Reading: Diachronic Sense Modeling with Deep Contextualized Word Embeddings: An Ecological View

0. Paper

@inproceedings{hu-etal-2019-diachronic, title = "Diachronic Sense Modeling with Deep Contextualized Word Embeddings: An Ecological View", author = "Hu, Renfen and Li, Shen and Liang, Shichen", booktitle = "Proceedings of the 57th Annual Meeting of the Association for Computational Linguistics", month = jul, year = "2019", address = "Florence, Italy", publisher = "Association for Computational Linguistics", url = "https://www.aclweb.org/anthology/P19-1379", doi = "10.18653/v1/P19-1379", pages = "3899--3908", abstract = "Diachronic word embeddings have been widely used in detecting temporal changes. However, existing methods face the meaning conflation deficiency by representing a word as a single vector at each time period. To address this issue, this paper proposes a sense representation and tracking framework based on deep contextualized embeddings, aiming at answering not only what and when, but also how the word meaning changes. The experiments show that our framework is effective in representing fine-grained word senses, and it brings a significant improvement in word change detection task. Furthermore, we model the word change from an ecological viewpoint, and sketch two interesting sense behaviors in the process of language evolution, i.e. sense competition and sense cooperation.", }

1. What is it?

They try to use a contextual word embedding (e.g. BERT) in historical semantic change.

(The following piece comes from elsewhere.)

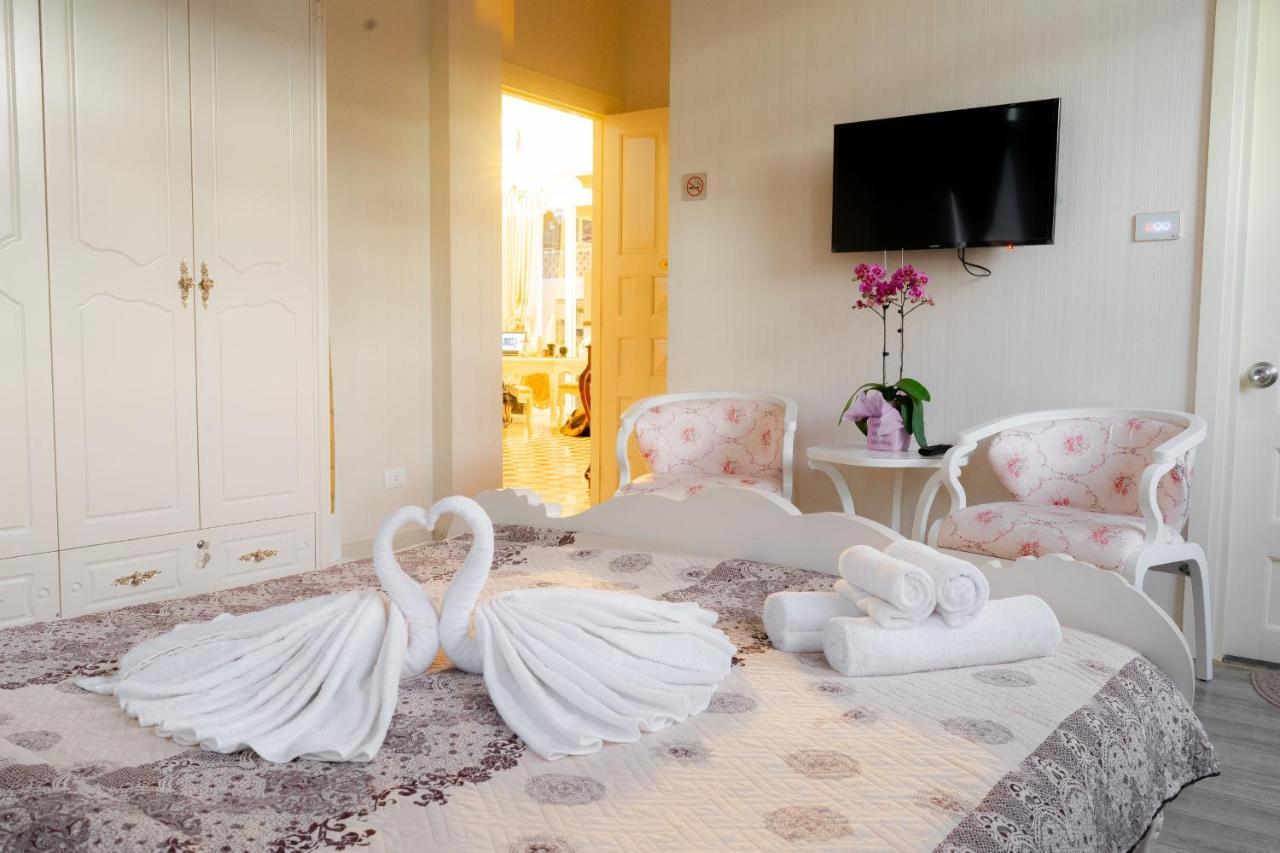 Da Lat 33 Villa Екстер'єр фото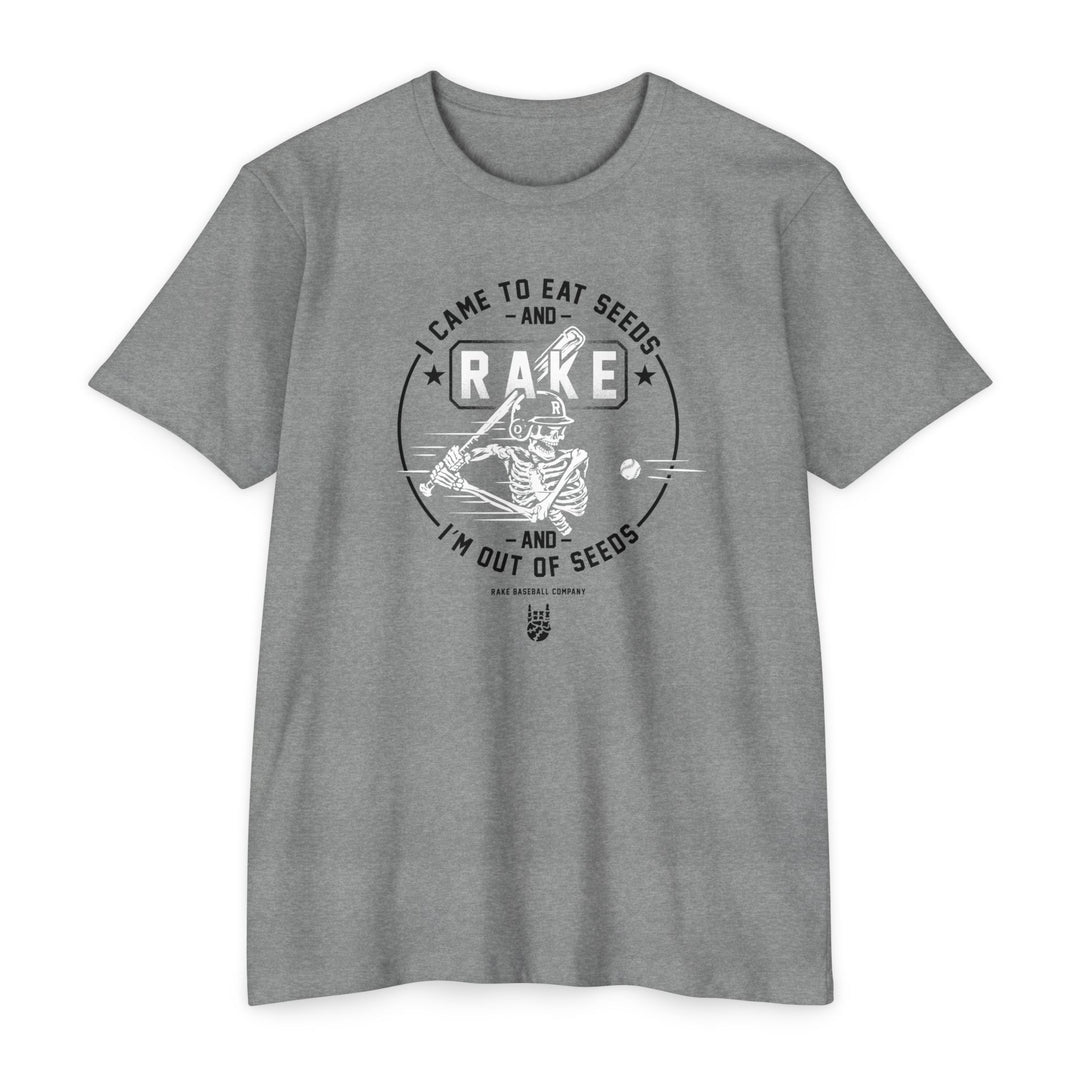 Rake Seed Tee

2. What is amazing compared to previous works?

They use a contextual word embedding (BERT) to obtain more than two embeddings in one word. Their model can predict how the semantic is changed.

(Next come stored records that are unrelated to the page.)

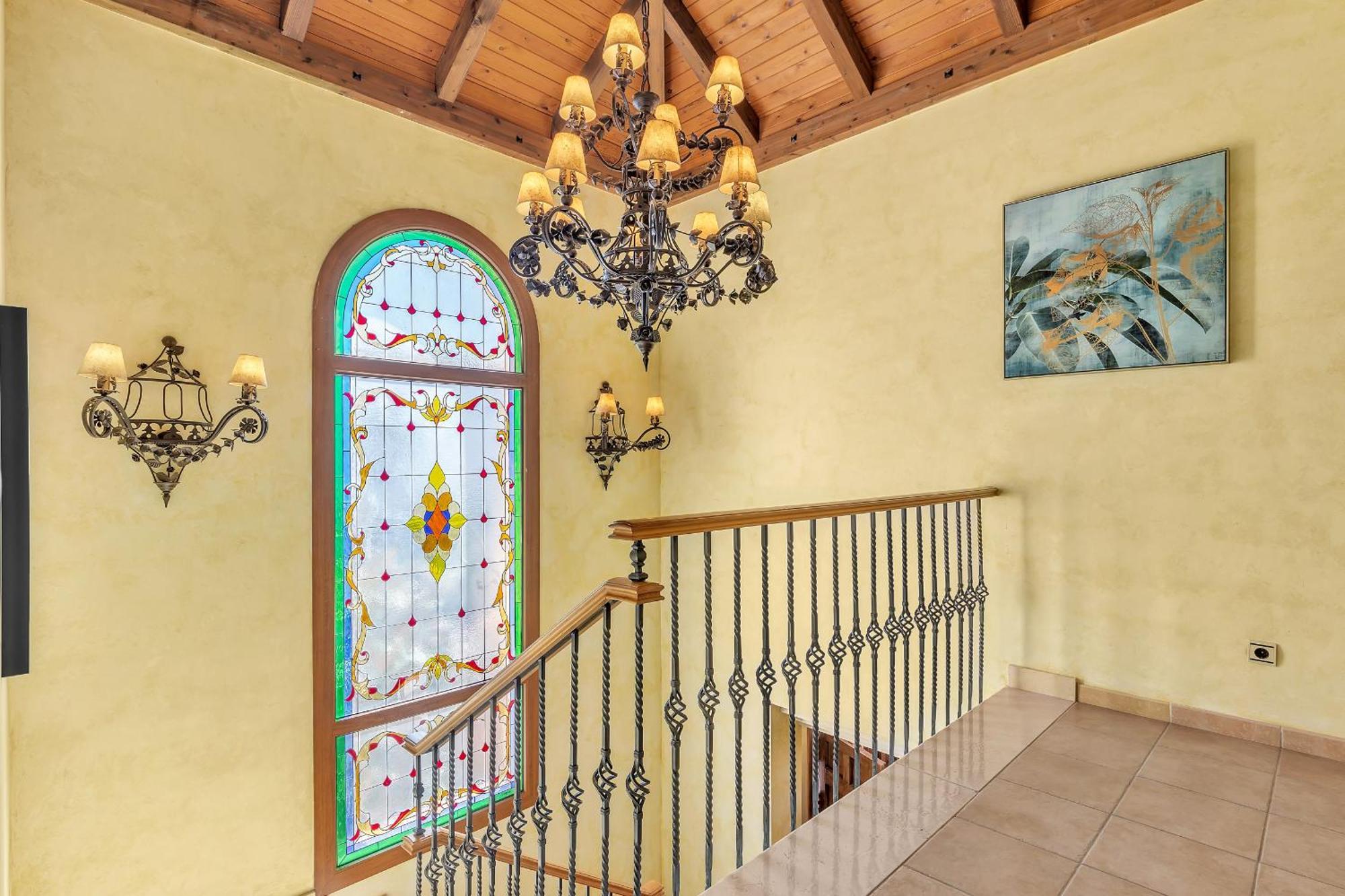 Villa Magnolia Марбелья Экстерьер фото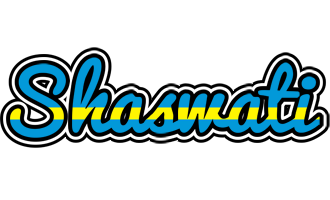 Shaswati sweden logo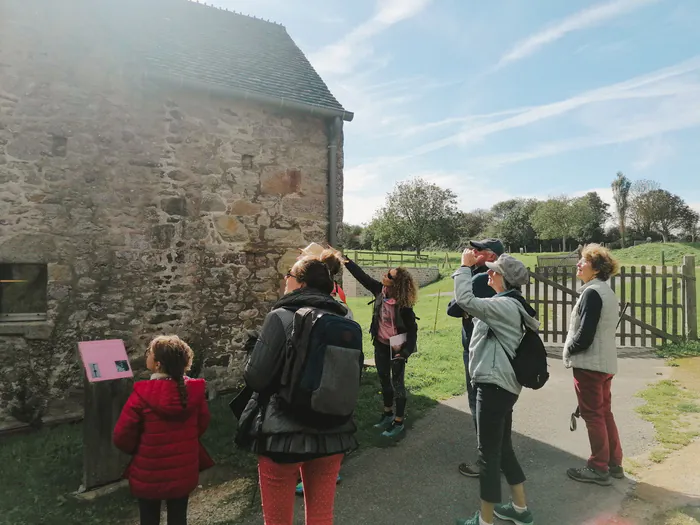 Visite guidée : secrets d'herboriste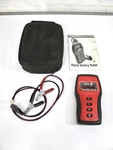 Matco Tools MD9300 Digital Battery Tester Plus W/ Leads & Case Usa. Fixed Price $123.05.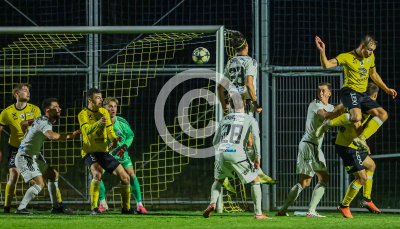 Allerheiligen vs. Eggendorf Hartberg Amateure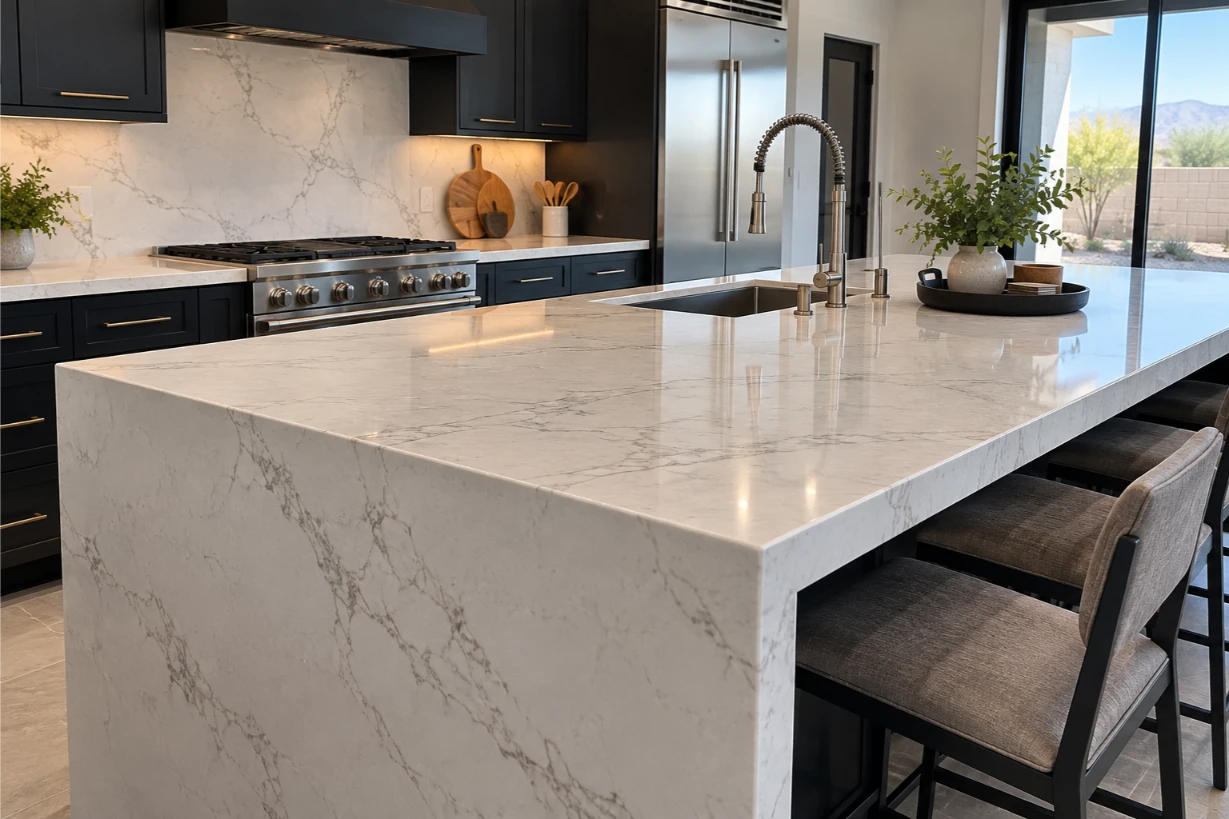 Las Vegas Countertop Expert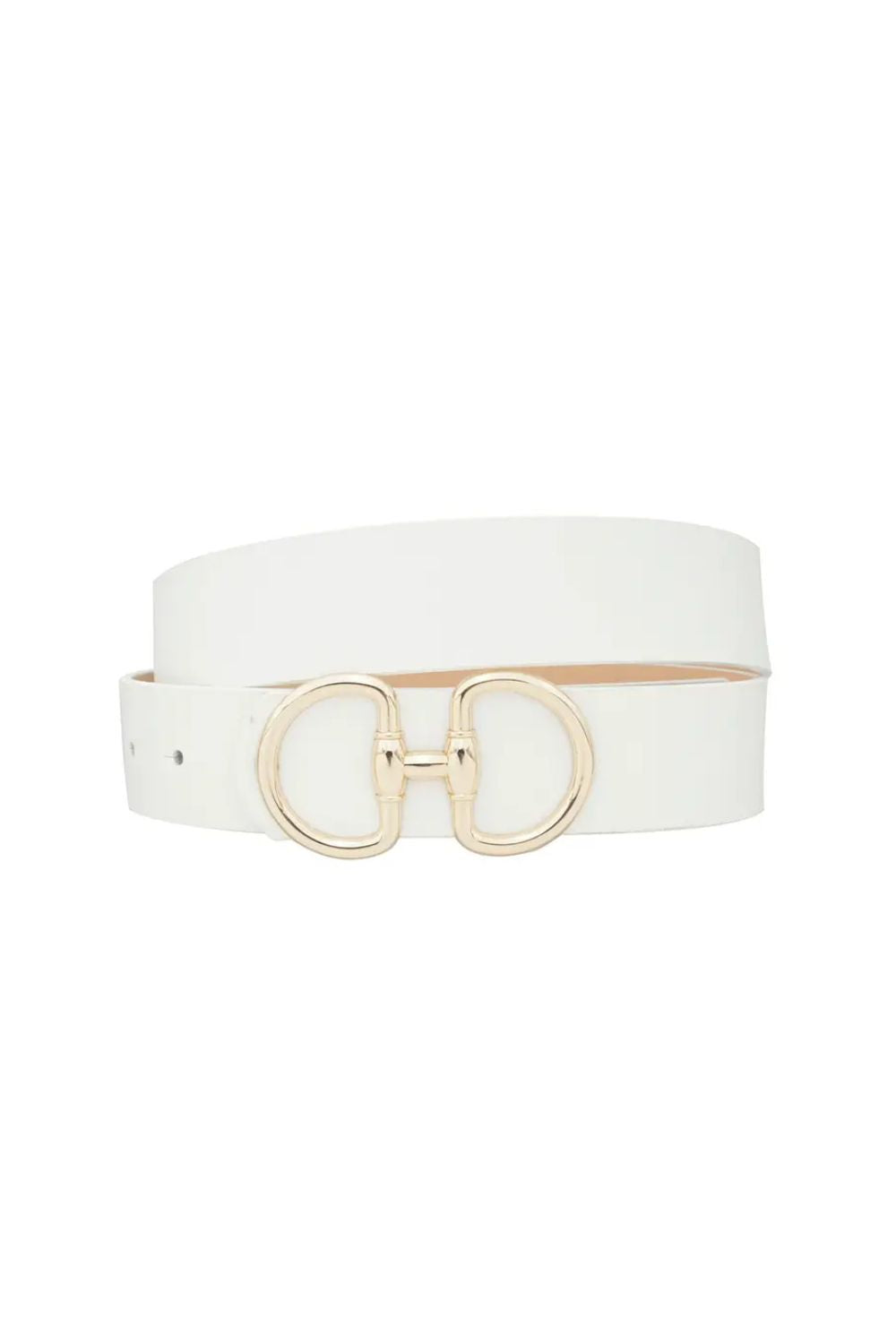 White Belt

3. Where is the key to technologies and techniques?

3.1 Obtain semantic representation"s" in each word

They use the Oxford dictionary to obtain word meanings and its sentences.

In each semantics sj(j: 1, ..., J) of word w, they use 10 sentences sent(sj)1, ..., sent(sj)n.
Then, they obtain representations e(sj)1, ..., e(sj)n about semantic sj of word w in 10 sentences.
They defined a semantic representation e(sj) as the average of all representations e(sj)1, ..., e(sj)n.

3.2 Sense identification in test data (COHA)

In the test data (COHA), they compute word representations. To identify the semantic of the word in the data, they use cosine similarity with semantic representations e(s1), ..., e(sj), ..., e(sJ). The nearest meaning of representation is assigned for the word.

4. How did evaluate it?

4.1 Word sense identification

They obtain other sentences from the Oxford dictionary. The model predict the semantic of the target word.

Their model(BERT) missed some words, these can be divided into two types:

not real mistakes (sentence1, 2)
real bad cases, there is a meaning overlap between two senses (sentence3) and the text is too short to obtain sufficient information (sentence4)

4.2 Word meaning change

They use the test set from Gulordava and Baroni (2011). Each word is annotated on 4-point scale (0 is not change, 3 is significantly change) They computed the correlation between the novelty score and human score. The novelty score is defined as the proportion of usages of semantic sj in the focus corpus and reference corpus.